INPUT DATA START

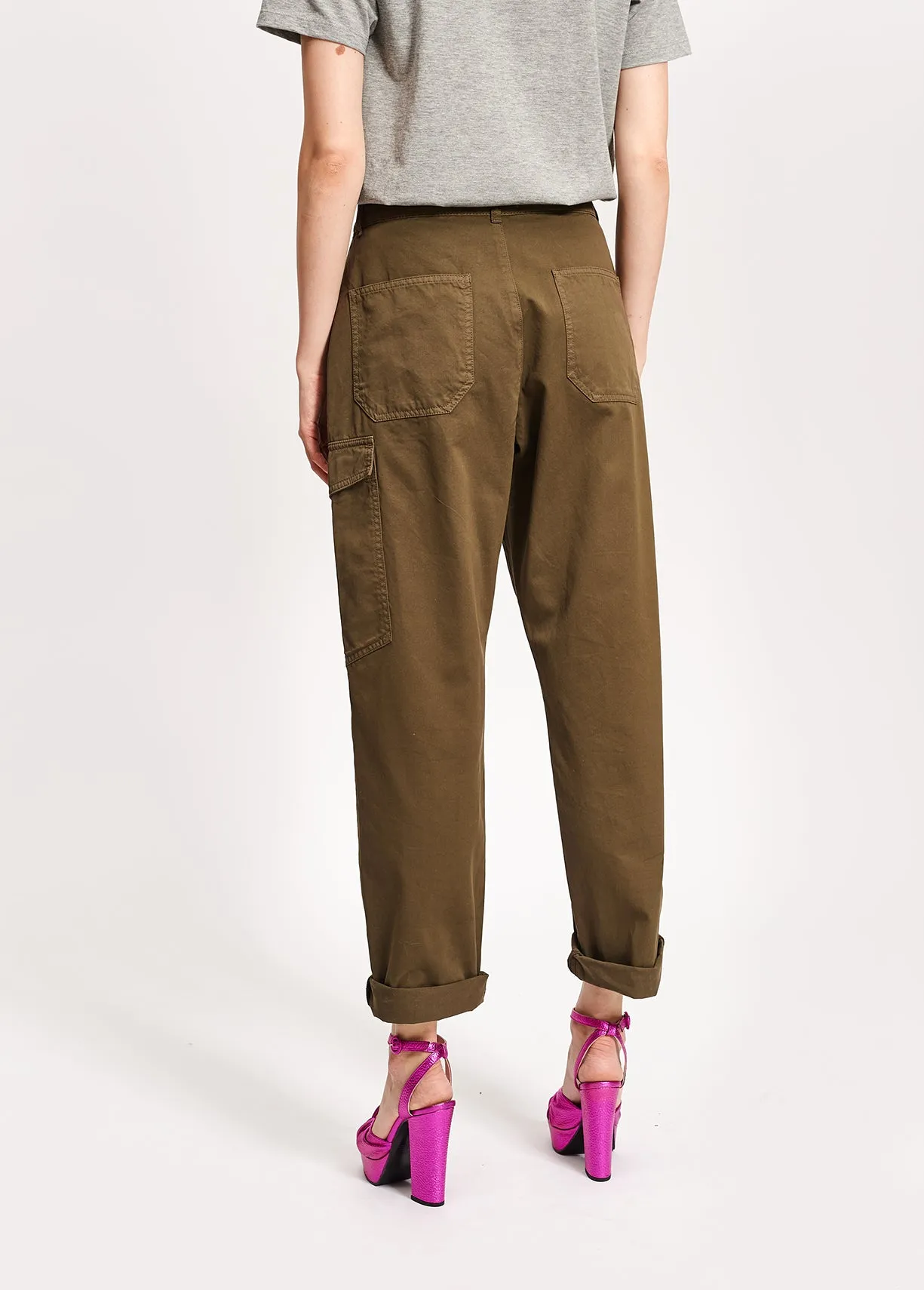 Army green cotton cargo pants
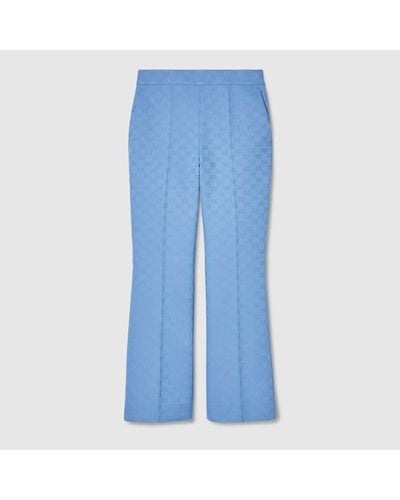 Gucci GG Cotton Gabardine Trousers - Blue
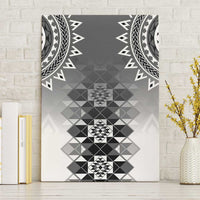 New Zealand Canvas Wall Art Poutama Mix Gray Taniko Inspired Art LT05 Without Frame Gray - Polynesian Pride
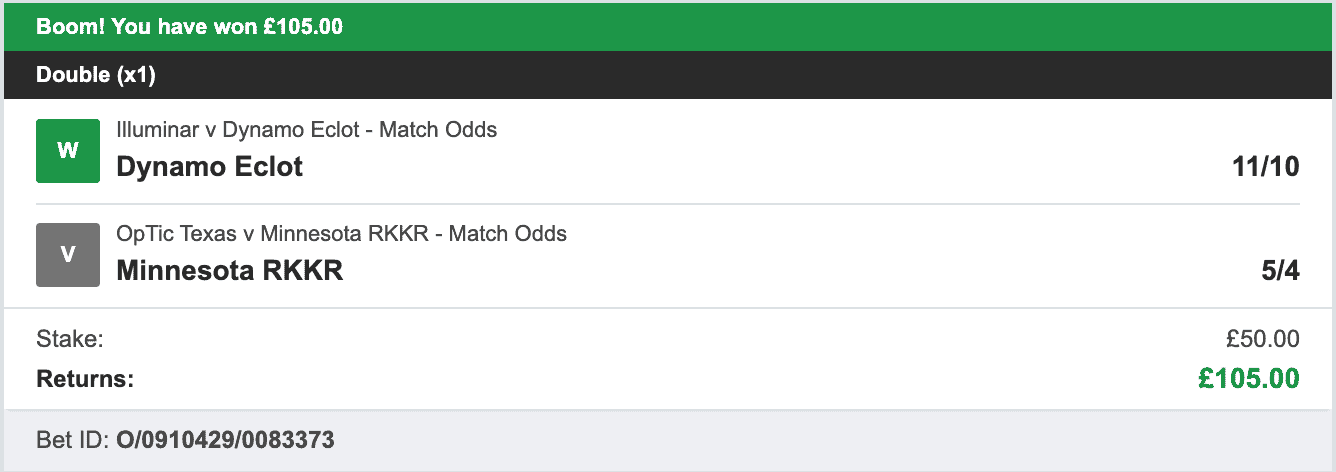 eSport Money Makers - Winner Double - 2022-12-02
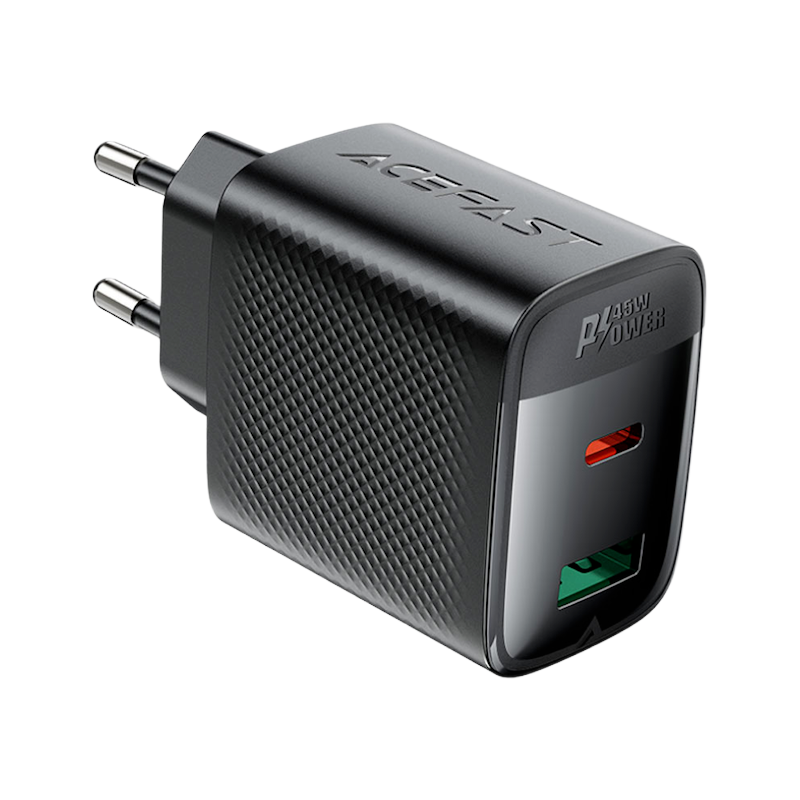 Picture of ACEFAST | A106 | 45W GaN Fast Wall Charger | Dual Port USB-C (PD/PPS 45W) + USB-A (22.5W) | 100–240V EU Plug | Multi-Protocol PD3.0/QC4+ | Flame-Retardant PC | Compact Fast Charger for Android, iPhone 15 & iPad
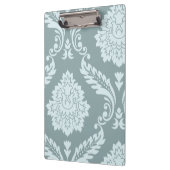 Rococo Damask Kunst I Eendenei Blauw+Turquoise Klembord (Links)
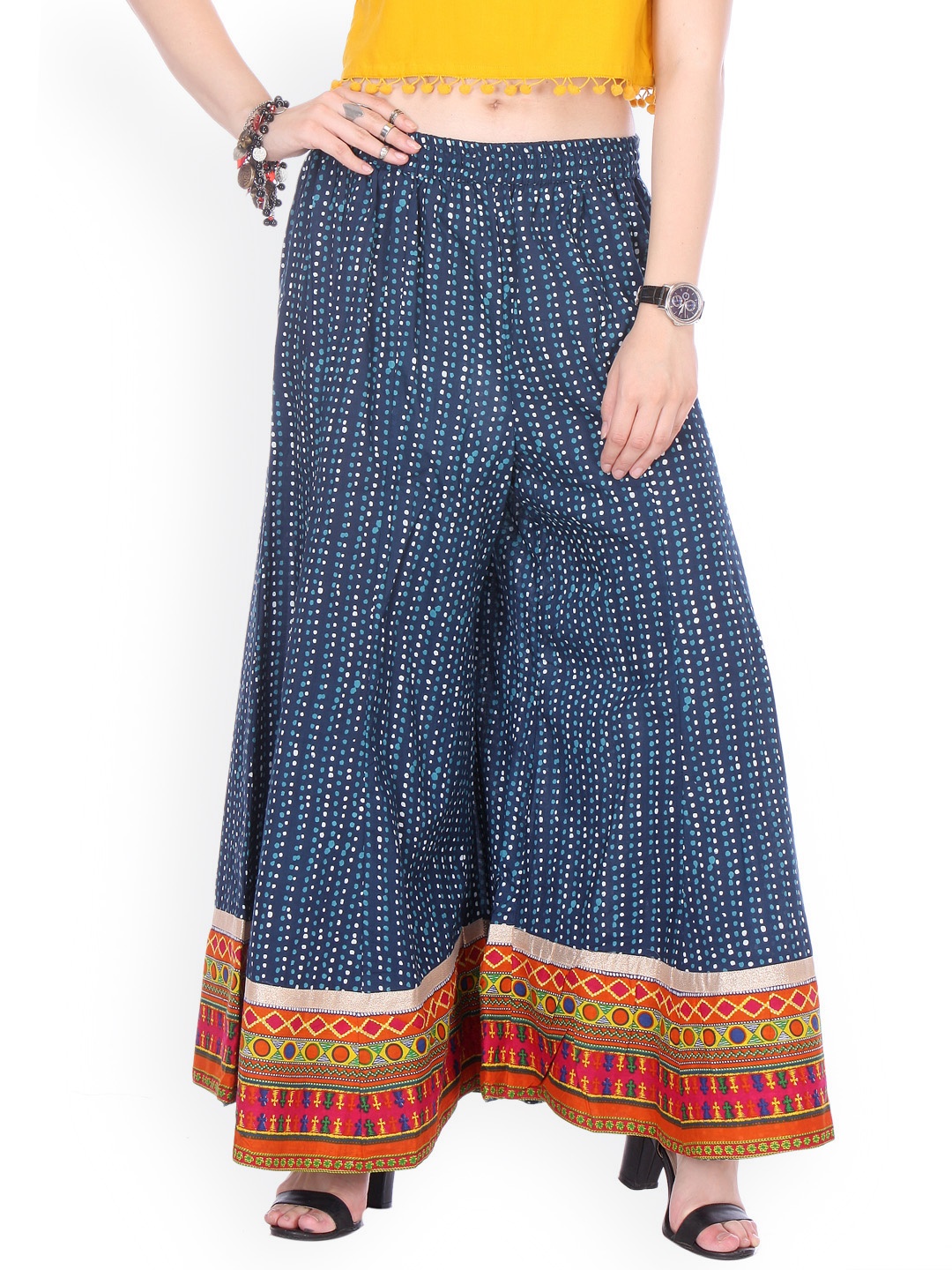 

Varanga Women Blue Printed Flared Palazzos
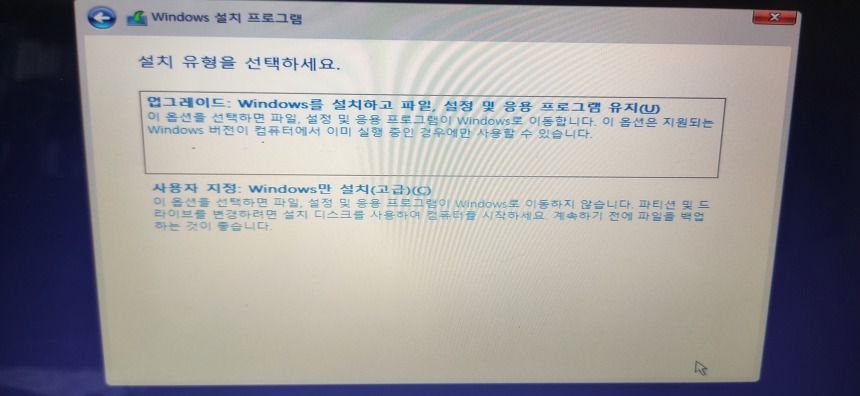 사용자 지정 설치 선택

INPUT DATA END

- **YOUR TASK**
I would like an exact copy of the lines from the one holding "Picture of ACEFAST" through the last line of the entries above, with the pictures left out.

- **ANSWER TO THIS EXERCISE**
 Picture of ACEFAST | A106 | 45W GaN Fast Wall Charger | Dual Port USB-C (PD/PPS 45W) + USB-A (22.5W) | 100–240V EU Plug | Multi-Protocol PD3.0/QC4+ | Flame-Retardant PC | Compact Fast Charger for Android, iPhone 15 & iPad
 Rococo Damask Kunst I Eendenei Blauw+Turquoise Klembord (Links)

Varanga Women Blue Printed Flared Palazzos
 사용자 지정 설치 선택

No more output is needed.